Samsung has told users of its Galaxy Note 7 smart phone in West Africa notably Nigeria to power down, stop using the device and seek remedial assistance from its service centres.
In a press release distributed Tuesday October 18th 2016, Samsung stated that, “We are working with relevant regulatory bodies to investigate the recently reported cases involving the Galaxy Note7. For the benefit of consumers’ safety, we stopped sales and exchanges of the Galaxy Note7 and have consequently decided to stop production.”
There has been a global wave of reports detailing that the said device is allegedly exploding and several countries have slapped a ban on its importation and usage. The development has led to a review by several global airlines on carrying smart phones inflight. Rwanda and Uganda have reportedly also banned the device.
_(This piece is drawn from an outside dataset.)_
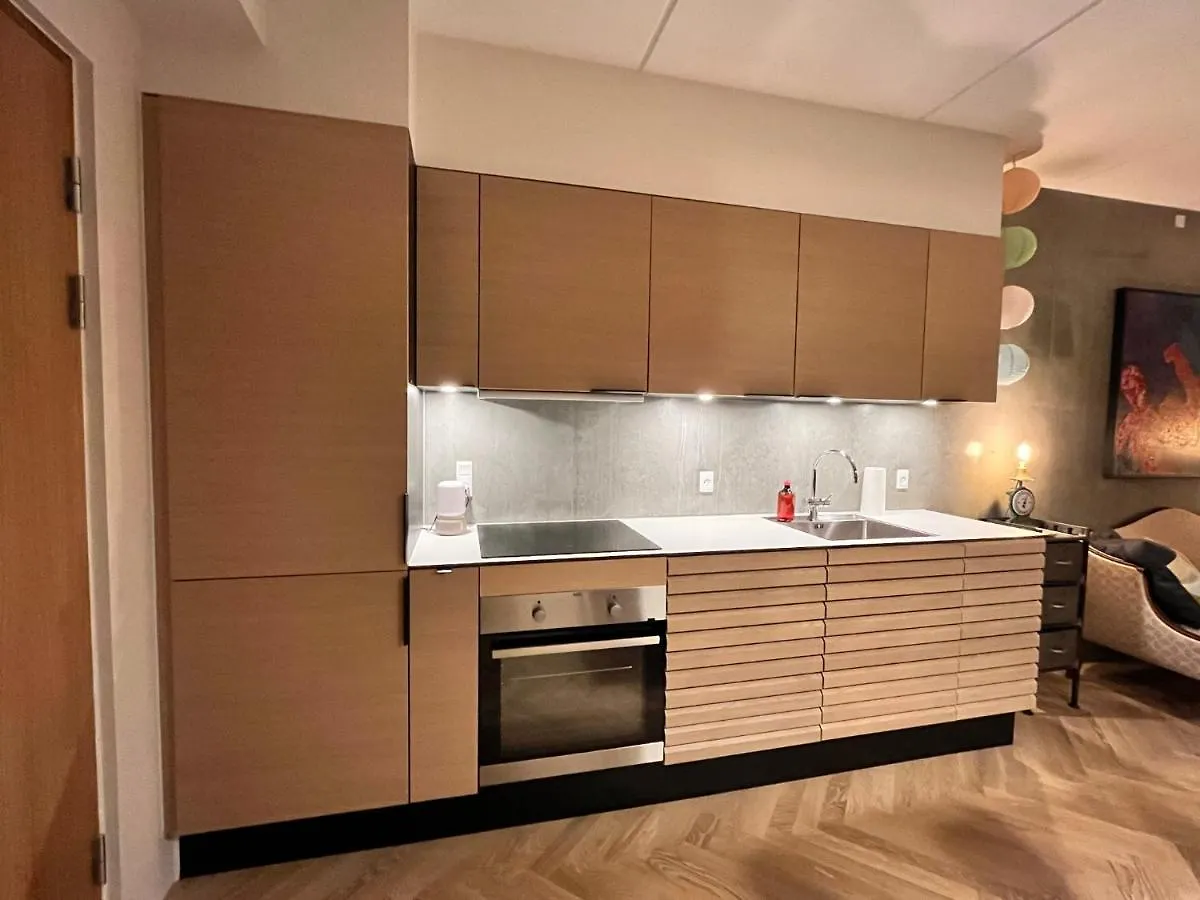 Apartment Directly To Seafront Of Bassin 7 With Big Balcony And Free Parking Aarhus Denmark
The release recieved at CIO East Africa went ahead to say that, “Samsung remains committed to working diligently with appropriate regulatory authorities to take all necessary steps to resolve the situation. Consumers with either an original Galaxy Note7 or replacement Galaxy Note7 device are advised to power down and stop using the device and take advantage of the remedies available at our Samsung Authorized Service Centres.”
“Although the Galaxy Note7 has not been released in Nigeria, the current Galaxy Note7 users, despite the original place of purchase are kindly advised to visit the nearest Samsung Authorized Service Centre for immediate assistance,” The release added.
Customers are advised to return their Galaxy Note7 to Samsung Authorized Service Centres and be guided with available options. Those who have already returned their Galaxy Note7 will also be contacted from Samsung for their options. “We sincerely apologize for the inconvenience this may cause to customers and partners who have trusted and waited for the Galaxy Note7,” said Emmanouil Revmatas, Director and Business Leader, Information Mobile and Technology, Samsung Electronics West Africa.
According to the Guardian.com, Samsung’s Galaxy Note 7 is now banned on so many airlines worldwide that the company is opening up stalls inside airports to let owners swap or get a refund for the phablet before boarding their flight.
The booths are opening in airports around the world, including Australia and South Korea, following the ban of the device on those countries’ largest airlines, Korean Air, Virgin Australia and Qantas. The Australian bans are at the airlines’ discretion, however: in other nations, including Korea, the US and Japan, the Note 7 is banned from flights under the order of the country’s airline regulators.